# Assignment
Give back, exactly and with nothing else, the lines running from the one that contains "this 600×400 image." to the end of the entries below; do not include pictures.

(Records from a data source)
........

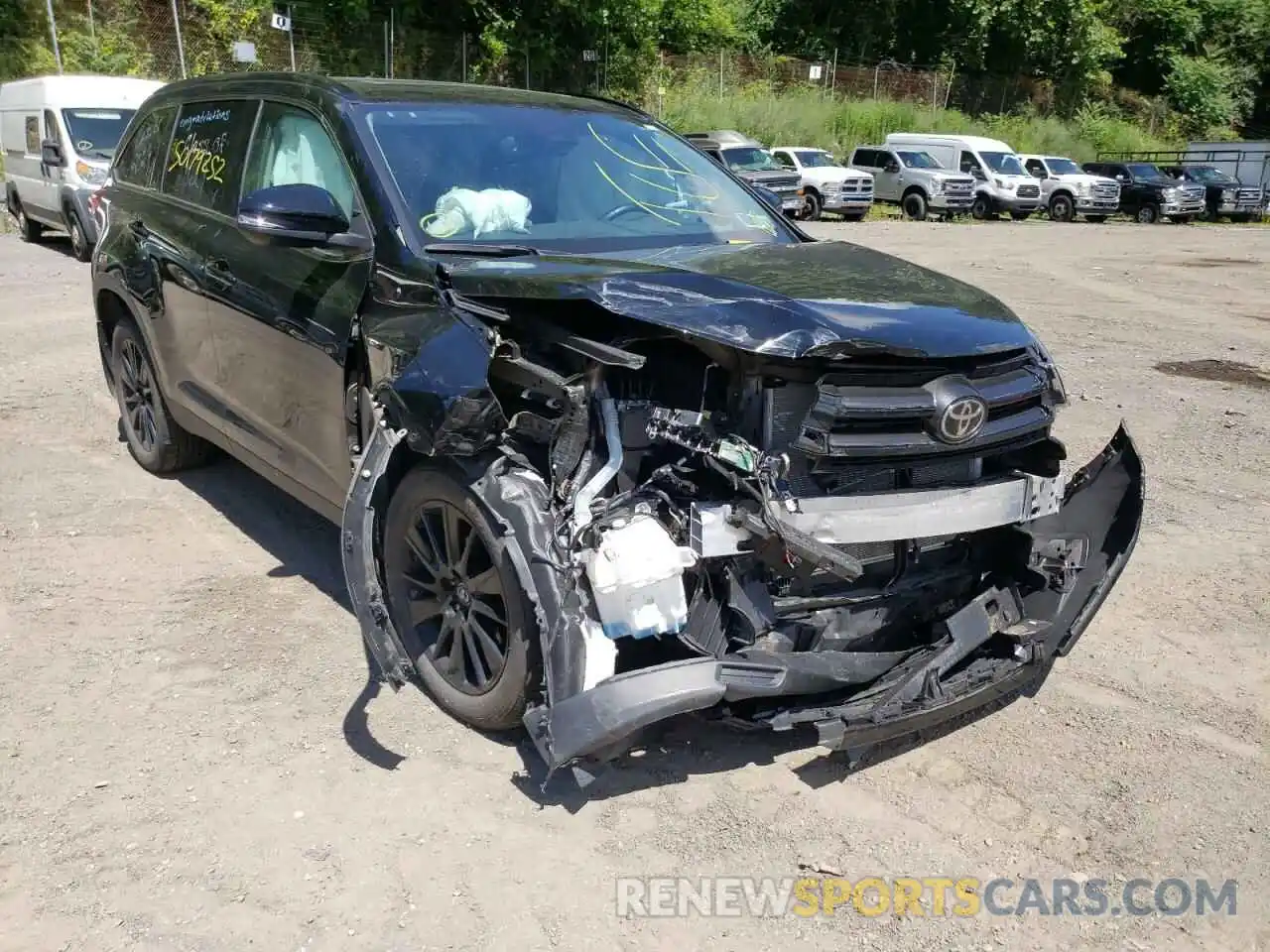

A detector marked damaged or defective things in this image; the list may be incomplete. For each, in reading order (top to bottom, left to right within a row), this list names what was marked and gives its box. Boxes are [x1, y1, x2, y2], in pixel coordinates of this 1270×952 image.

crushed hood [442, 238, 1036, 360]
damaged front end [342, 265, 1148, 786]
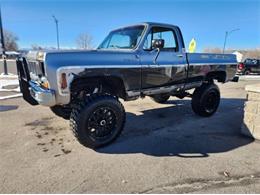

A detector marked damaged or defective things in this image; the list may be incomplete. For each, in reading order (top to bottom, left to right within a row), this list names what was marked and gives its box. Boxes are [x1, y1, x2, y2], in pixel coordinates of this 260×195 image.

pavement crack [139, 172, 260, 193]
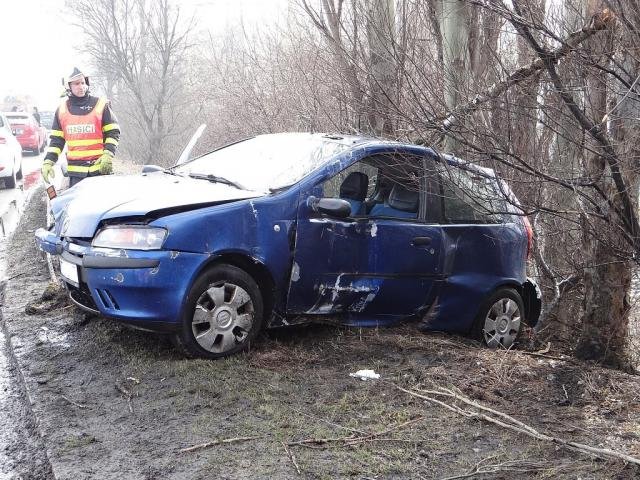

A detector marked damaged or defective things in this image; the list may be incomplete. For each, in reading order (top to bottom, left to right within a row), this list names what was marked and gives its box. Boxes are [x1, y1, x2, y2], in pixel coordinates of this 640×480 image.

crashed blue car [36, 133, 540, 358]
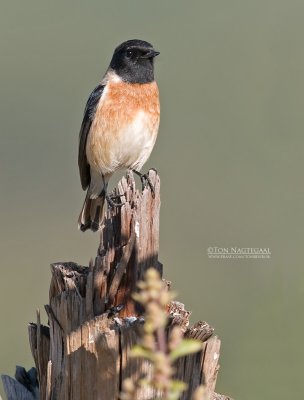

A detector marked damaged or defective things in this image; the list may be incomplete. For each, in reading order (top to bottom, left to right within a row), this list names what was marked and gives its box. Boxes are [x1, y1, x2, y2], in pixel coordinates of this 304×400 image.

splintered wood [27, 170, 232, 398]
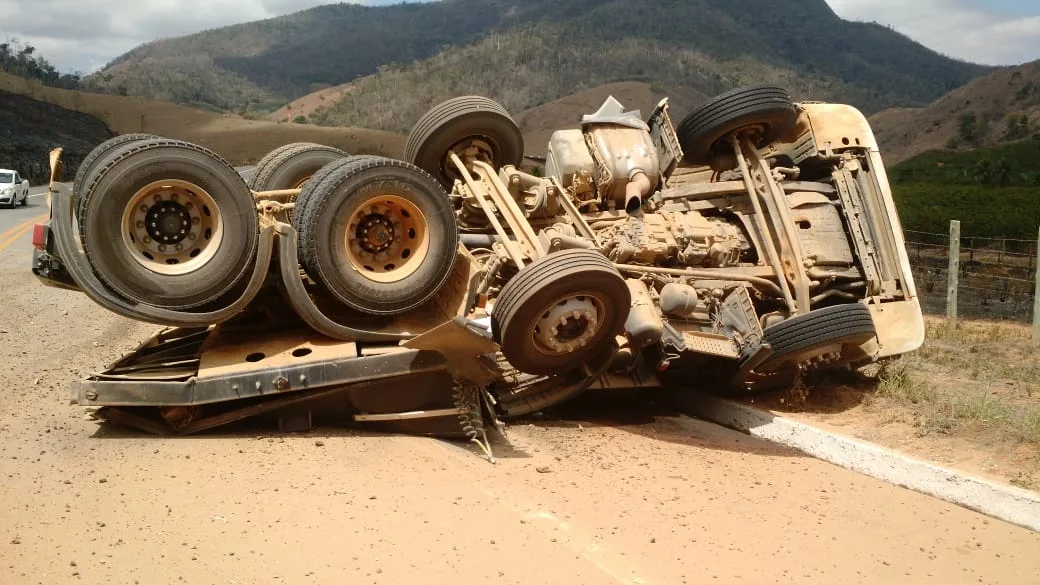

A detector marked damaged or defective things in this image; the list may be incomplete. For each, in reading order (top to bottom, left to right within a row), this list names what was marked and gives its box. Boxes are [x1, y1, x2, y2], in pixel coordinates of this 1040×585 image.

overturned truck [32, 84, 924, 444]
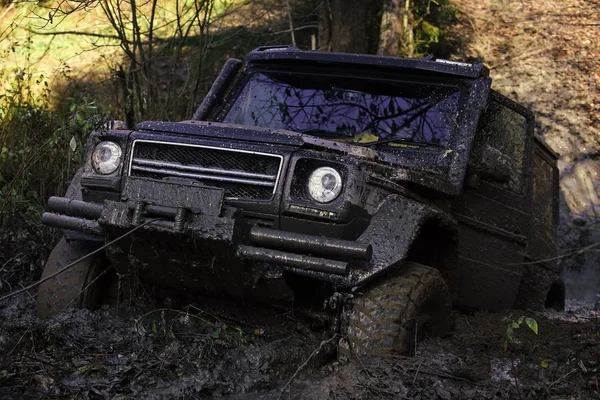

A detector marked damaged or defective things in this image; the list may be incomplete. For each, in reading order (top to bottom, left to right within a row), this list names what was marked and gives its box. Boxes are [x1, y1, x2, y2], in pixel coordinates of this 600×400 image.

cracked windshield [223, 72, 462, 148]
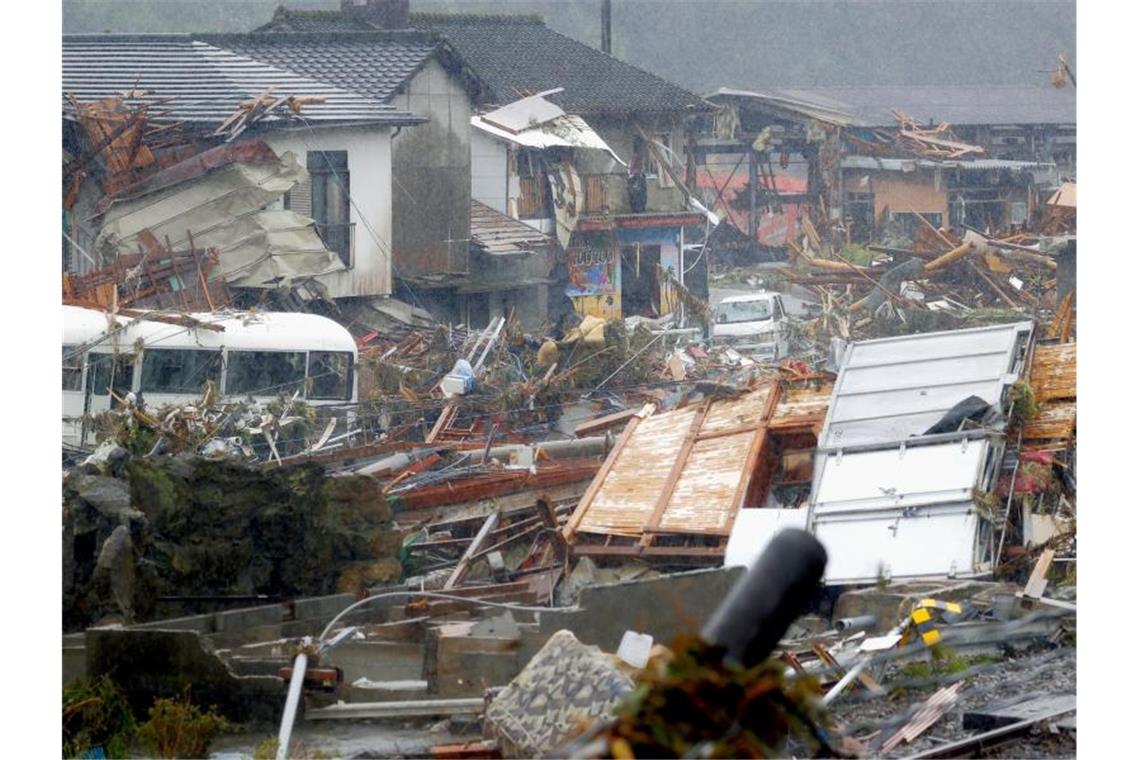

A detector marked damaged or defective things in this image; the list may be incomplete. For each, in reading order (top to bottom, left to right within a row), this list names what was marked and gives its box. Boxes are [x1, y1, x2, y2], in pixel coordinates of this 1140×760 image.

........

# Response to the exercise
A detector marked damaged or defective things in this image; the list may be incomplete. For each, in reading order (top to bottom, left to right within a row), this list names what was marked and gives its box. Boxes are [x1, y1, x2, y2], in pixel coordinates of this 600×400 image.

cracked windshield [223, 72, 462, 148]

A detector marked damaged or defective things in this image; the list may be incomplete. For each, in reading order (top to bottom, left to right within a row), this list names what was marked and gives its box. Boxes are [x1, y1, x2, y2], in pixel coordinates of this 1140×760 image.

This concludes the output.